I had hoped the presence of the rook of wyvyrns (following the collosi like vultures) would have been enough to split their attention. Unfortunately one of the high level casters eliminated them with a single spell (mass suggestion).
For monsters weaker than individual PCs, if they are fought in numbers where they can be caught in a single spell, the likelihood is they will.
So in a lot of cases just use "Minions" to add a bit of flavour rather than any viable threat.
One alternative is to have Minions where actually defeating them creates an outcome worse than killing them (buffs/heals boss, they explode, mutates into more powerful monster when slain etc.).
Otherwise typically pair Boss monsters with enemies roughly on par with one of the PCs.
For instance, I have Orcus detailed in my book (my version of him anyway). This Orcus is CR 28 (tIMO CR 28 should mean a Hard Encounter for 10 Epic Tier characters - who would each individually be CR 11-13 themselves, streamlined to CR 12 for simplicity). However, this version of Orcus is primarily designed to be fought* by Quasi-deity characters (approx. CR 20 each), not epic tier characters who should be too weak to defeat a Demon Prince on their home plane.
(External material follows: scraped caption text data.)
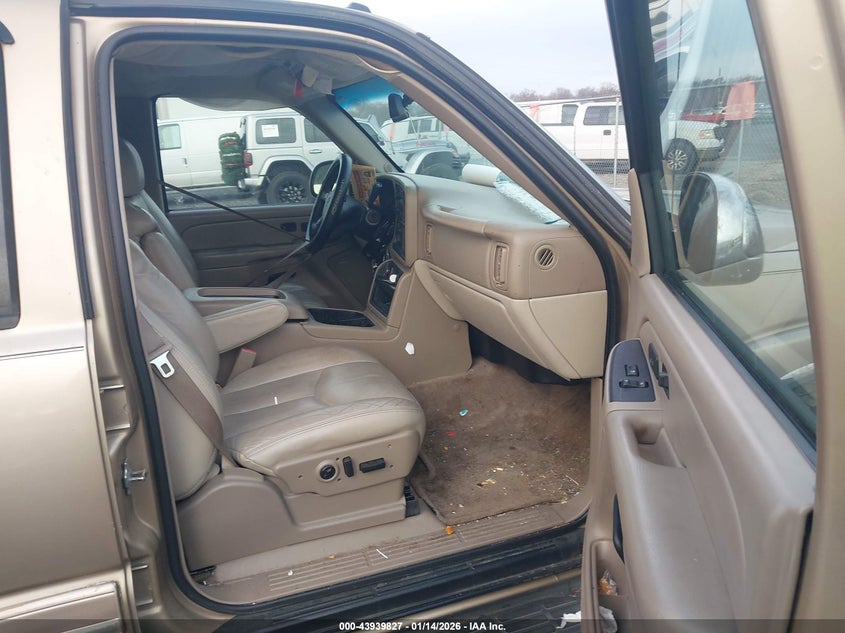 2005 CHEVROLET SUBURBAN 1500 — zdjęcie 5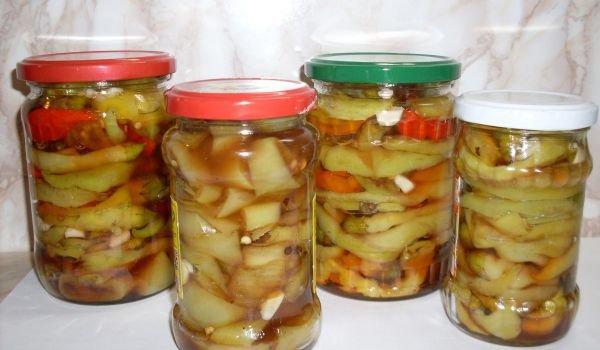 Леко пикантни чорбаджийски чушки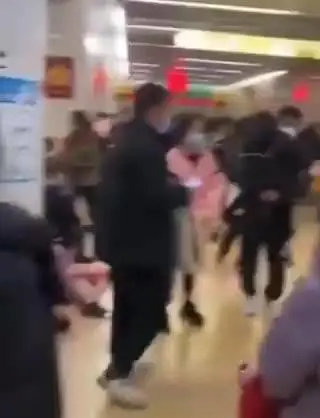 Code e ospedali al collasso: in Cina boom di malattie respiratorie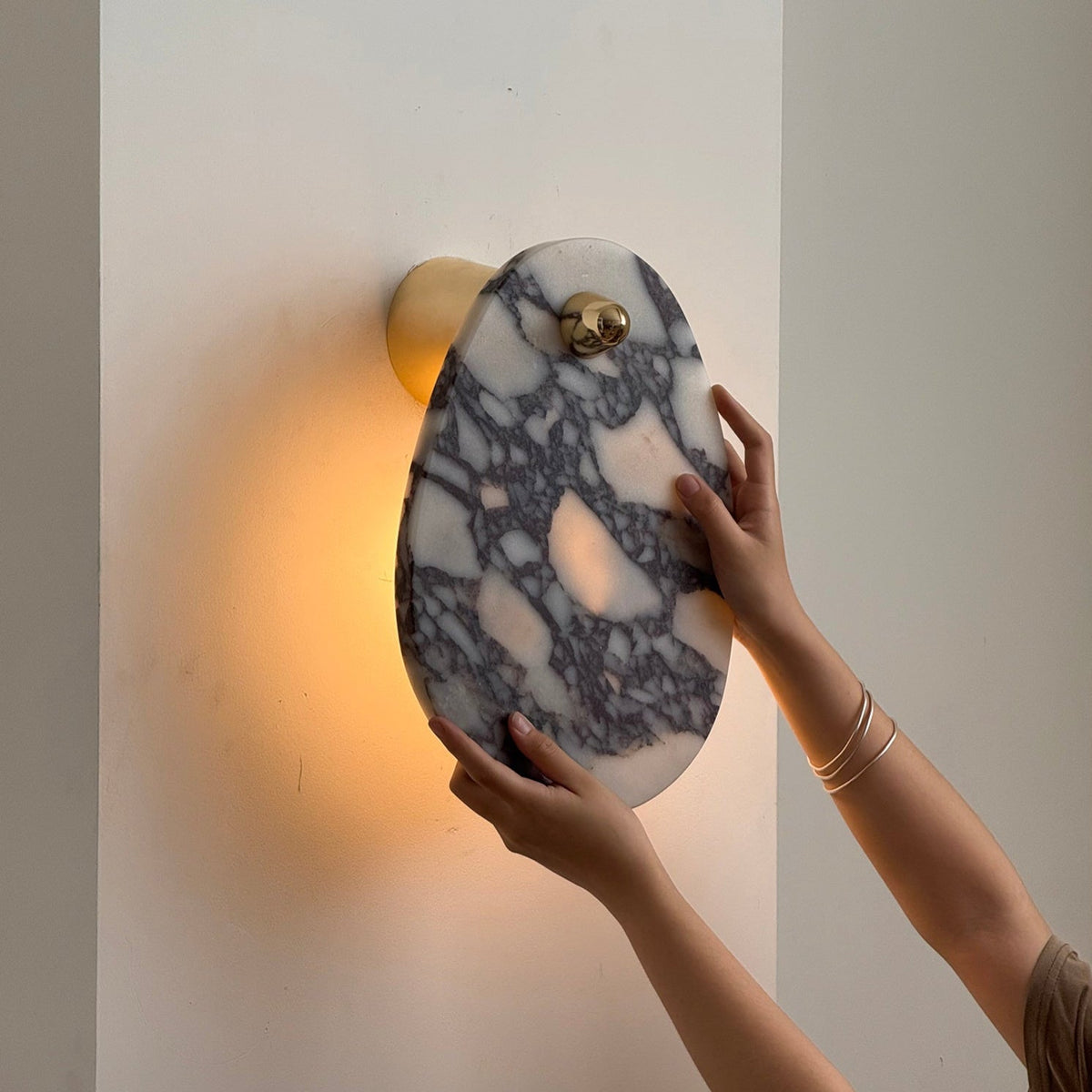 Norduvys Modern Luxurious  Metal Marble Wall Lamp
Against the Quasi-deity Party I suggest Orcus (typically with 1d6 Wraiths for flavour) is also accompanied by one additional 'Bodyguard' for every additional PC after the first (Balor, Lich, Molydeus, Nightwalker, etc.).
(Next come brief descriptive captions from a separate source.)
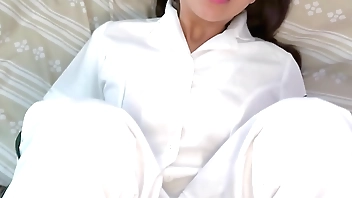 Desde Morritas son PUTAS! Estudiante de enfermeria me invita a su casa para que me la coja con el uniforme puesto y casi la preño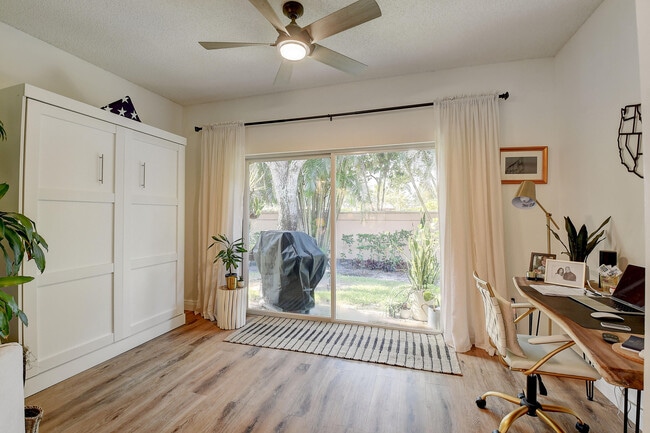 Building Photo - 9892 Summerbrook Terrace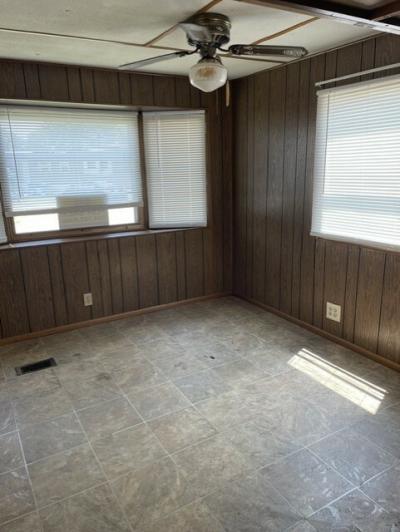 Photo 4 of 8 of home located at 22008 Petite Pl #216 Romulus, MI 48174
Mini-Boss = CR +4 Monster = 2 PCs
Boss = CR +8 Monster = 3 PCs
Solo Threat CR +12 = 6 PCs
CR +16 or more = 10+ PCs, Probable TPK, don't use.
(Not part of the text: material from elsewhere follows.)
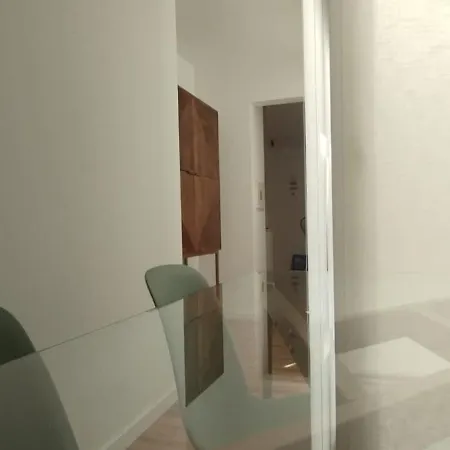 아파트 Inberna 페니케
Of course the individual monsters need to be designed to be worth 2, 3 or 6 PCs in the first place (which the official monsters typically are not). 'Luckily' there are so few official Epic monsters that tweaking them is not a major undertaking.
2 collosi might have worked but still the fact that it had no legendary actions or useful reactions was the main problem. I think I am going to give it LAs as well as create a random environmental effect that PCs can choose to either fix, or take the hit.
I use multiple Combat Reactions (on a sliding scale dependent upon the CR difference between the PCs and the monster) in place of Legendary Actions. That way only monsters more powerful than the PCs 'get' those extra Reactions. So it doesn't clog up epic games when you use multiple monsters that would have had Legendary Reactions. There is bit more to it, but its a neat system.
So unless a creature is designed as a Minion from the get-go (in which case I wouldn't add any Combat Reactions), CR 16+ Monsters will always potentially have multiple Combat Reactions (as per Legendary Actions) in the stat-block.
...my meandering point being
always give more powerful monsters Legendary Actions (or the equivalent in my case - multiple Combat Reactions).